Ordudaki darbe psikolojisinin tarihsel arka planı İttihat Terakiye kadar gider. Gerek Harp Okullarında verilen eğitim, tarihsel kurcu olmanın verdiği psikoloji, yetiştirilme biçimi askeri bu ülkenin sınırlarının koruyucusu olmanın ötesinde asıl sahibi şeklinde biçimlendiriyor. Yapılanları beğenmediği zaman ülkenin bilen yegane sahibi, el koyma hakkını kendinde gören ve ülkenin kendisine savaşta kullanmak için verdiği zor kullanma gücünü ve mekaniğini kullanarak darbe yapıyor.
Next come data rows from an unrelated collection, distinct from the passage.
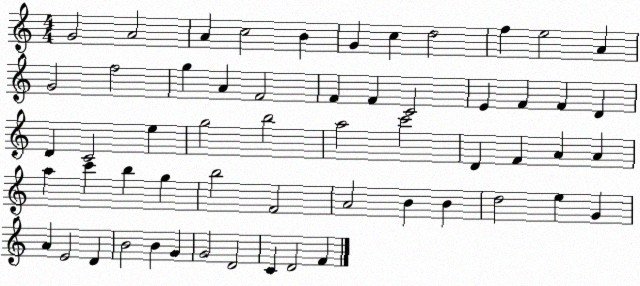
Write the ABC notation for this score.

X:1
T:Untitled
M:4/4
L:1/4
K:C
G2 A2 A c2 B G c d2 f e2 A G2 f2 g A F2 F F C2 E F F D D C2 e g2 b2 a2 c'2 D F A A a c' b g b2 F2 A2 B B d2 e G A E2 D B2 B G G2 D2 C D2 F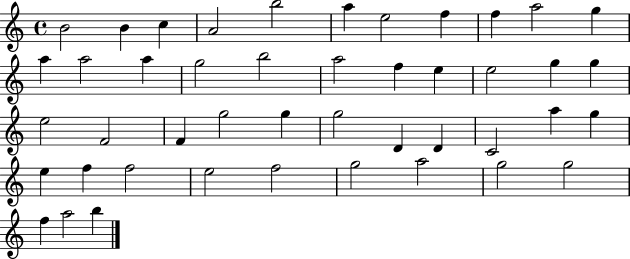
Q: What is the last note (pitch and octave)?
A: B5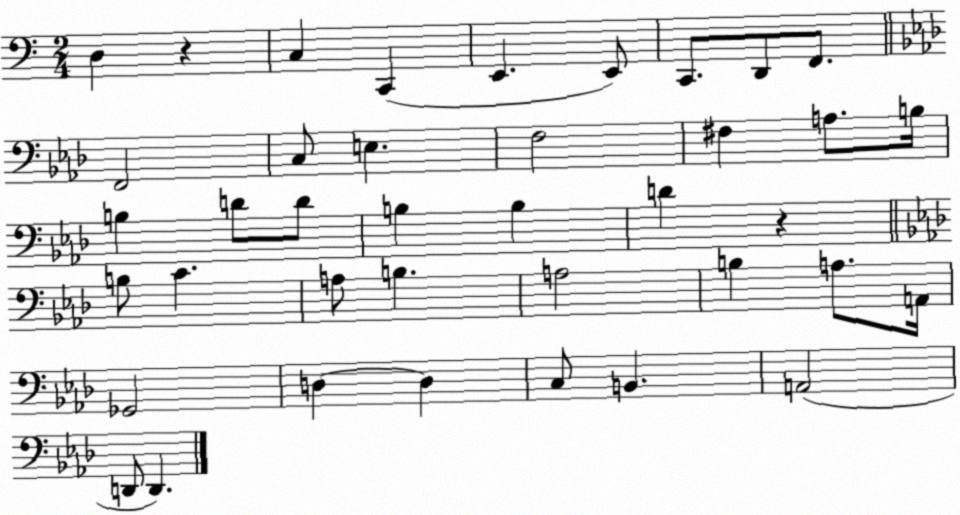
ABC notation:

X:1
T:Untitled
M:2/4
L:1/4
K:C
D, z C, C,, E,, E,,/2 C,,/2 D,,/2 F,,/2 F,,2 C,/2 E, F,2 ^F, A,/2 B,/4 B, D/2 D/2 B, B, D z B,/2 C A,/2 B, A,2 B, A,/2 A,,/4 _G,,2 D, D, C,/2 B,, A,,2 D,,/2 D,,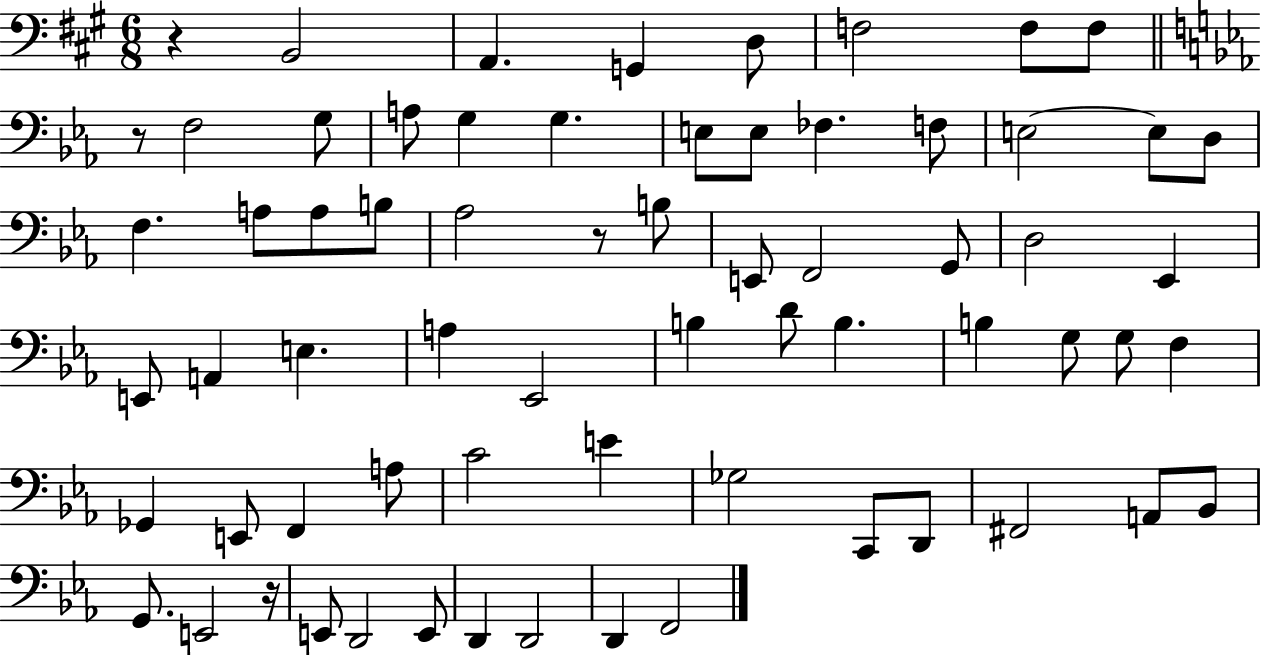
R/q B2/h A2/q. G2/q D3/e F3/h F3/e F3/e R/e F3/h G3/e A3/e G3/q G3/q. E3/e E3/e FES3/q. F3/e E3/h E3/e D3/e F3/q. A3/e A3/e B3/e Ab3/h R/e B3/e E2/e F2/h G2/e D3/h Eb2/q E2/e A2/q E3/q. A3/q Eb2/h B3/q D4/e B3/q. B3/q G3/e G3/e F3/q Gb2/q E2/e F2/q A3/e C4/h E4/q Gb3/h C2/e D2/e F#2/h A2/e Bb2/e G2/e. E2/h R/s E2/e D2/h E2/e D2/q D2/h D2/q F2/h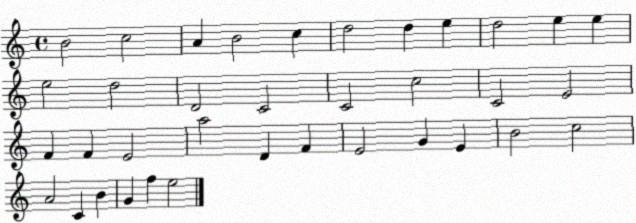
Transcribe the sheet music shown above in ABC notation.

X:1
T:Untitled
M:4/4
L:1/4
K:C
B2 c2 A B2 c d2 d e d2 e e e2 d2 D2 C2 C2 c2 C2 E2 F F E2 a2 D F E2 G E B2 c2 A2 C B G f e2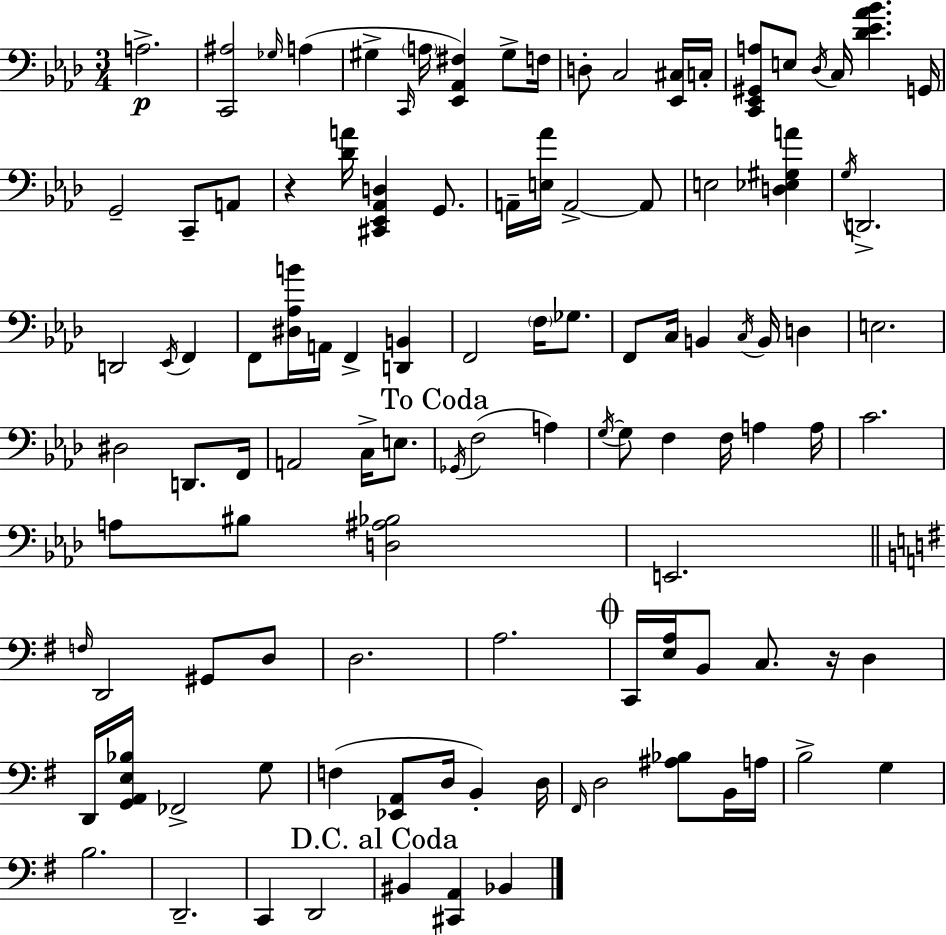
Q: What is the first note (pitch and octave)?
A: A3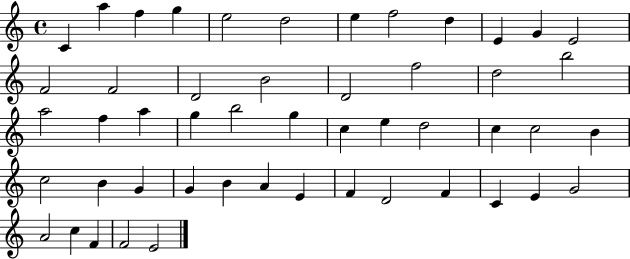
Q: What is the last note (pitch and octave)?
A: E4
Başardığı anda her şeyi kendine göre biçimlendiriyor ve hakkın, haklının kuvvetli olması evrensel ilkesini tersine çevirerek kuvvetlinin haklı olduğu bir mekanizmayı devreye sokarak işletiyor. 15 Temmuzu değerlendirirken, Gülene, cemaate vurgu yaparken işin bu tarafını da gözden ırak tutmamak lazım.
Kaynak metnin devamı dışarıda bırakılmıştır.